Screenshot from 2024-05-04 17-17-45

Possible IPv4 bug

IPv4 lookups may not be working (tried 93.184.215.14, the address for example.com); IPv6 lookups are (tried 2606:2800:21f:cb07:6820:80da:af6b:8b2c).

That reminded me of PR #39, closed a few months ago. Given what it appeared to suggest was in need of fixing: https://github.com/g-andrade/locus/blob/8d0019d3010fdd7a1bf6db68488d7be36eda7664/src/locus_mmdb_tree.erl#L48-L49 ..I tried switching the IPv4-in-IPv6 tree prefix from ::ffff:0:0/96 to ::/96, and it... worked? I can now get IPv4 entries from the IPinfo database.

There may be a 6+ years old bug in the code owing to my wrong interpretation of the spec, which I never encountered before out of chance.

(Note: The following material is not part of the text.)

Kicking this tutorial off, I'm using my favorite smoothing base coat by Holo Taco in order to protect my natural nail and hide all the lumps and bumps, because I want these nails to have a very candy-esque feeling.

Downloading (and updating) using HTTP

The databases can be loaded using HTTP (censor_query will censor the token in logged messages): Screenshot from 2024-05-04 17-44-39

Although I very quickly hit the default limit of 10 daily downloads per database, which is not too bad since locus caches the database locally and subsequent requests are conditional (it sends if-modified-since to avoid unnecessary data transfer) but will log errors.

abdullahdevrel commented 5 months ago

@g-andrade Thank you very much for looking into the request. Really appreciate it!

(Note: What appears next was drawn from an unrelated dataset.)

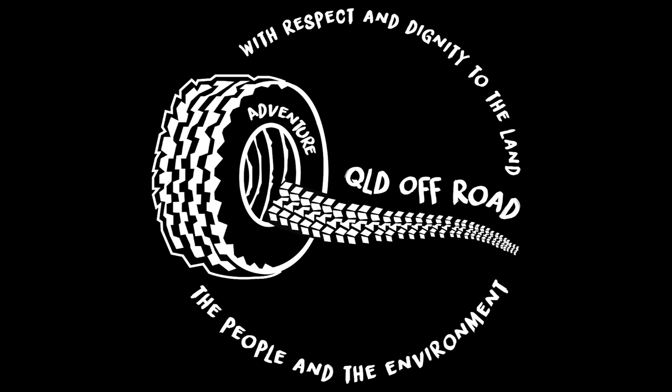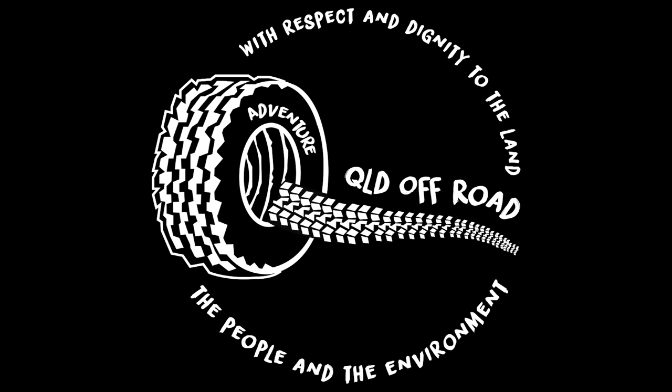Thank you for watching this QLD Off-Road Adventures production. Please subscribe to our channel if you wish to support this content.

Although I very quickly hit the default limit of 10 daily downloads per database

Can you please let me know the email account or the access token you used to sign up? You can email it to me if you'd like. My email is abdullah@ipinfo.io. I will increase the rate limit.

I tried switching the IPv4-in-IPv6 tree prefix from ::ffff:0:0/96 to ::/96, and it... worked? I can now get IPv4 entries from the IPinfo database.

I will look into it. I have faced some similar errors when working with DuckDB's inet data type.

g-andrade commented 5 months ago

No worries about the IPv4 issue, it was indeed a bug that had been present in locus since forever, only it didn't show up with other databases: https://github.com/g-andrade/locus/issues/44

It's fixed in the latest version, which I pushed today.